Tokyo to turn famed fish market to conference centre

Tokyo to turn famed fish market to conference centre

The world's biggest fish market would become a space for international conferences and exhibitions.

Frozen tuna are seen lined up in rows ahead of the new year’s first auction at the Tsukiji fish market in Tokyo. (AFP pic)
TOKYO:
After 80 years of selling fish and seafood of all types, the site of Tokyo’s world-famous Tsukiji market will become an international conference centre under plans proposed Wednesday by the city authorities.

The Tokyo Metropolitan Government wants to divide up the 23-hectare site near the swanky Ginza neighbourhood into space for international conferences and exhibitions, as well as hotels and restaurants.

The site will first serve as a transportation hub during the Tokyo 2020 Olympics.

The plans are expected to be finalised in March after gathering views from local residents.

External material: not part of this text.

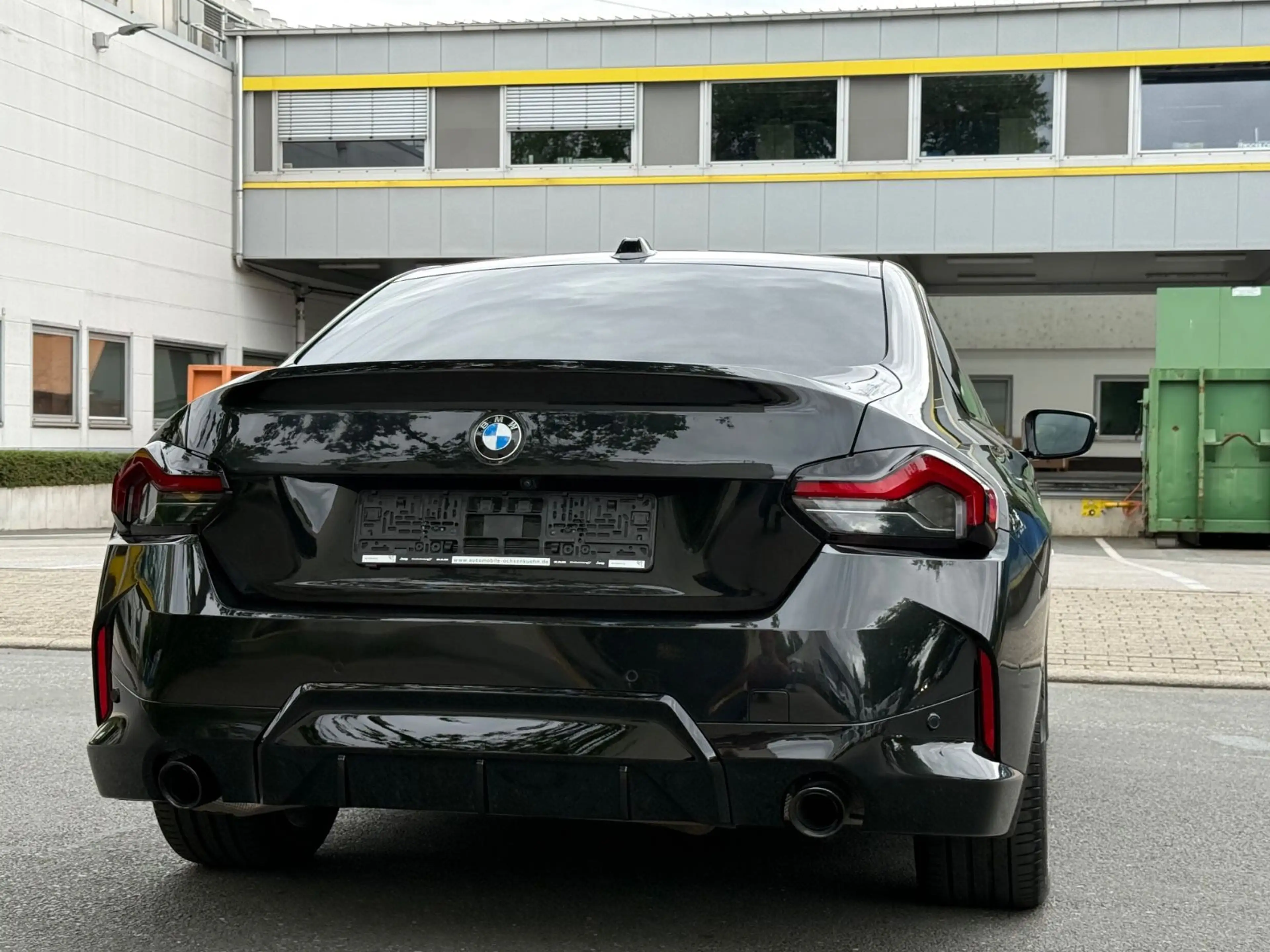 BMW 230 i Coupe *M-SPORT*H&K*SHADOW*2HAND* — photo 11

Tsukiji – the world’s biggest fish market and a popular tourist attraction in an area packed with restaurants and shops – moved in October to Toyosu, a former gas plant a bit further east.

Tokyo Governor Yuriko Koike had suggested the site could be transformed into a kind of culinary theme park, commemorating the market’s colourful history.

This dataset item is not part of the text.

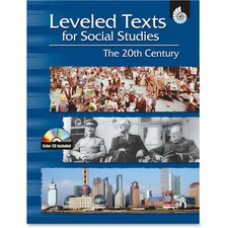 Shell Education 20th Century Leveled Texts Book Printed/Electronic Book - Shell Educational Publishing Publication - 2008 May 30 - Book, CD-ROM - Grade 4-12
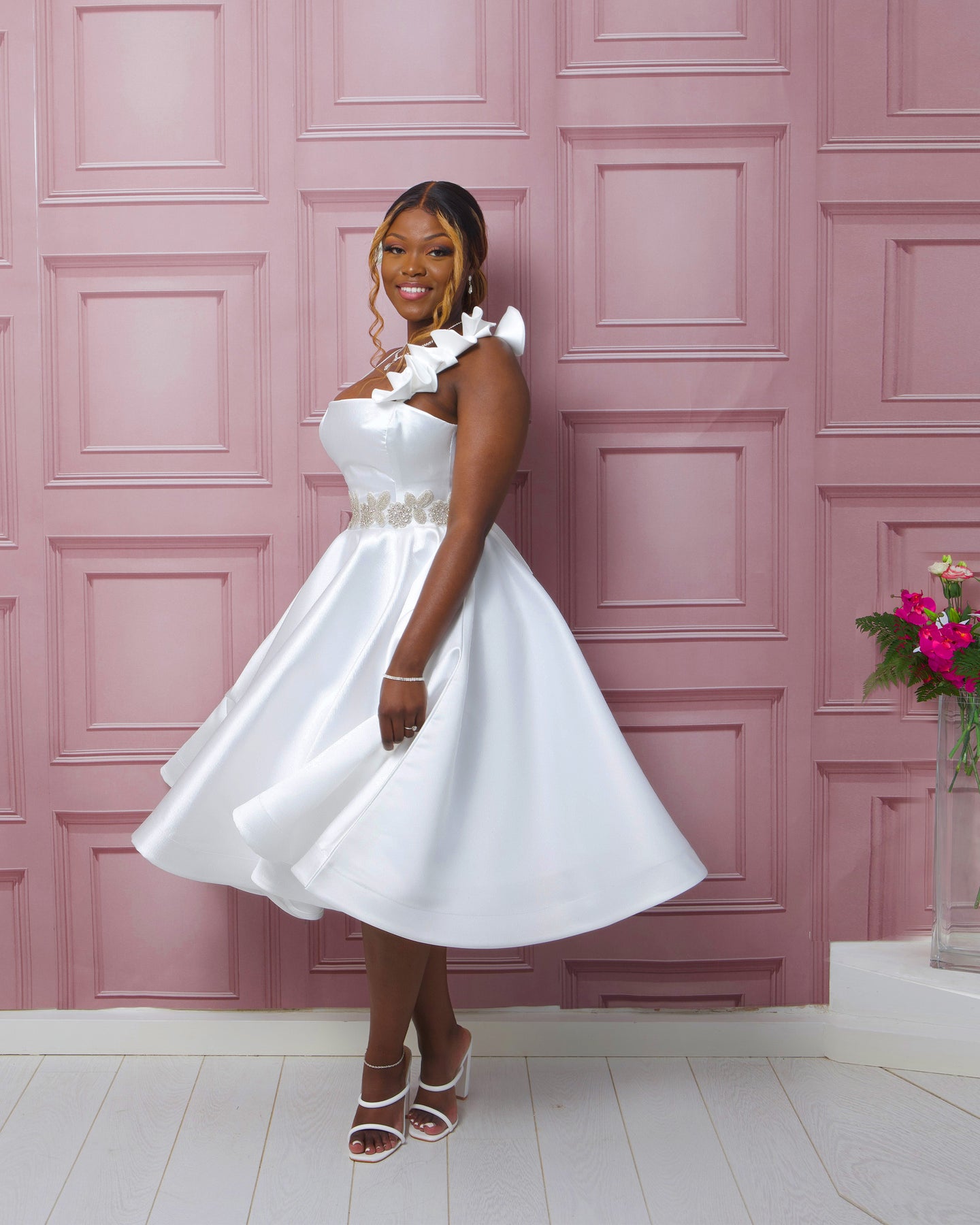 2in 1 Wedding Dress Luanda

But she backed off from the idea after business operators at Toyosu expressed strong opposition, according to local media.

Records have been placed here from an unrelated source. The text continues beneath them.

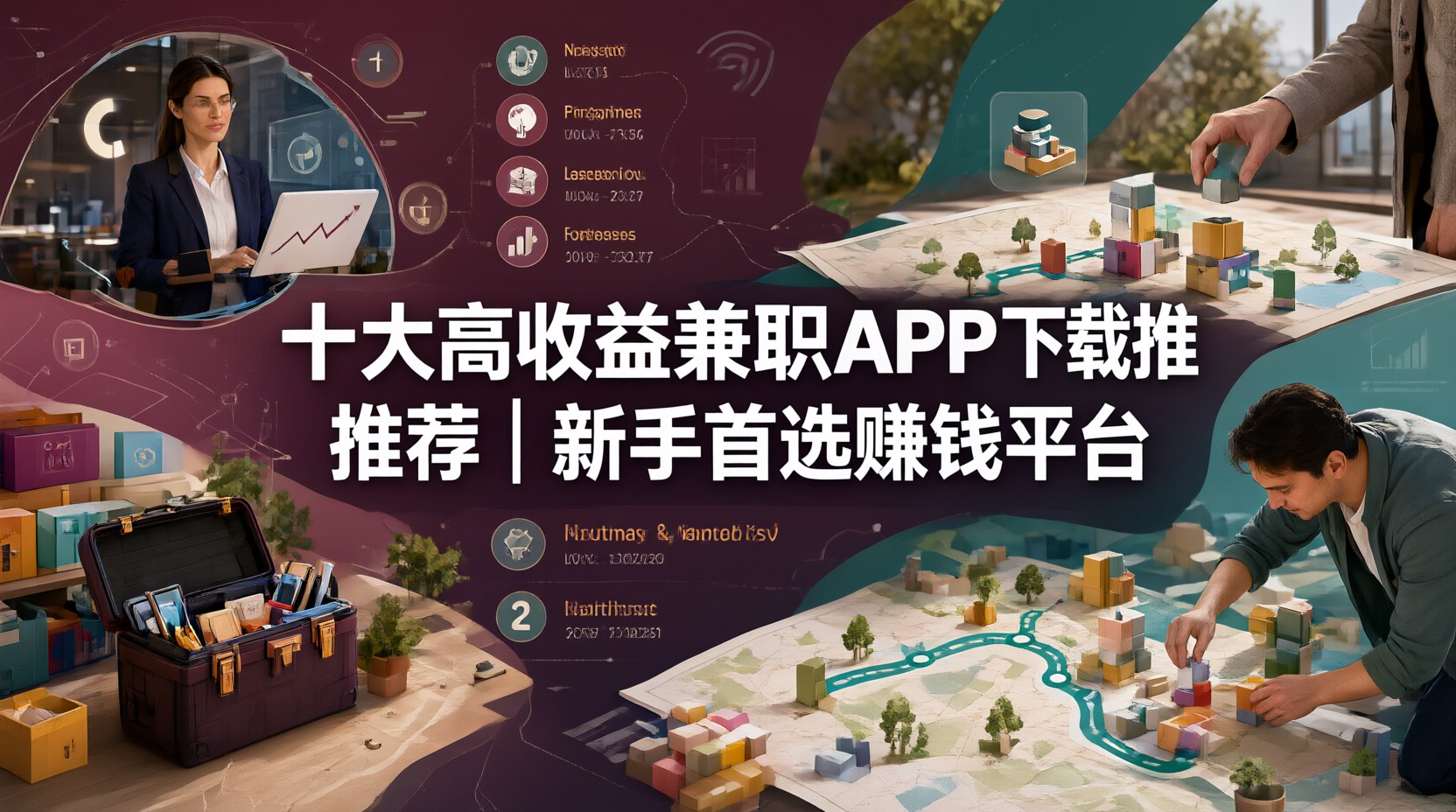 十大高收益兼职APP下载推荐｜新手首选赚钱平台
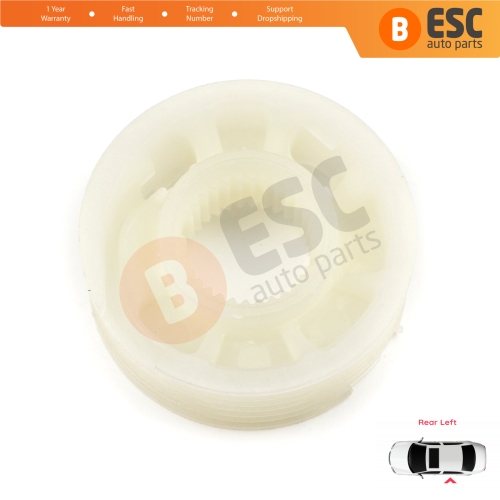 Window Regulator Wheel Rear Left for BMW 5 Series E39 51358159835-51358252430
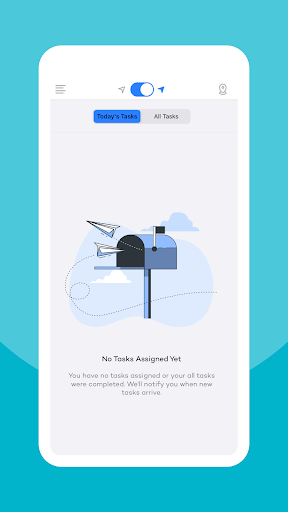 Buzzy Dispatch Screen 3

Opened in 1935, Tsukiji was best known for its pre-dawn daily auctions of tuna, caught from all corners of the world, for use by everyone from Michelin-star sushi chefs to ordinary grocery stores.

The ritual of tuna auctions continues at the new Toyosu market. Early this month, a Japanese sushi entrepreneur paid a record US$3.1 million for an enormous 278 kg tuna at the New Year’s auction.